Sarah: There are two ways in which we can refund your money. Either we can pay the amount of £ 8.21 back to the original source of payment which can take 5 working days or we can offer you an enhanced amount of £ 10.00 which we can add to your prepay account for use on future parcel deliveries. The latter can be done immediately for you.

Allen Wells: What good is £10 if I am not using you company again ?

Sarah: I will pass this to accounts to refund to method of payment 

Allen Wells: I wonder if it will be done ? I do hope so as I am severely Hacked OFF

Allen Wells: GOODBY

Sarah: Have a great day.

Sarah: Thank you for contacting Parcel2Go.com

Chat session has been terminated by the site operator.
_

You can see they were so concerned ( NOT ) 

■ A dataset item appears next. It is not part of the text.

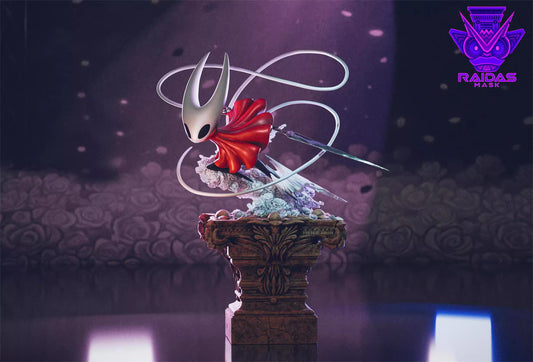 Raidas Mask - Hornet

AAARrrrrrrrrrrrrrrrrrrrrrr x100


----------



## Jamesc (18 Aug 2010)

Hi Blister, 

Sorry to see you had similar problems to me. Parcel2go are fine when things work but when they don't they take the attitude we are only an agent your problem is with the carrier. .......... Except if you contact the carrier they don't want to know because their contract is with Parcel2go. 

I had a very similar (though much bigger) problem which resulted in £50 compensation for the mess they caused. I used this money for the delivery of a very important job which also went very wrong to the extent that I nearly lost a customer. 

I now use Collectmyparcel for day to day and if it is important I burn a hole in the ozone layer and deliver myself. 

Regards 

James


----------



## cambournepete (18 Aug 2010)

They've never missed a collection of mine, but boy are homedeliverynetworrk poor - between 1 and 2 means after 7...


----------



## Hitch (18 Aug 2010)

I used P2G/DHL a few times. gave up after 3 attempts. First time, unlucky, 2nd time just very unlucky.3rd time, no more cahces, they are rubbish. :shock:


----------



## barterwithcarter (19 Aug 2010)

Hi guys

New to the forum so want to contribute as much as possible. 

I used to use P2G too. Had a familiar experience as most of you. Had some cheesed off eBay users to say the least! Decided just to give up on them and find an alternative. A friend recommended a site called myparceldelivery.com so gave them a try. Used them several times now and (touch wood) they have been top notch. Service has been excellent.

http://www.myparceldelivery.com

Hope this is of any use guys.

Cheers,

Ian


----------



## Dibs-h (19 Aug 2010)

Used ParcelMonkey - i.e. CityLink, and out of the 20 odd parcels I sent, very few problems. 1 or - but that to be honest was down to me either missing a digit off the destination house nbr or getting the collection postcode slight;y wrong. But on the whole - cheap & spot on!

And they now offer a delivery service before 10:30 or something for marginally more than the next day one.

Dibs


----------



## chippy1970 (21 Aug 2010)

Same here I wont use them again I just sent a parcel to Norway using them using Euro 48 hr it got there over 20 days later and that was after 2 or 3 failed collection attempts in the end I had to take the parcel myself to the post office so Parcelfarce :lol: could get it from there. 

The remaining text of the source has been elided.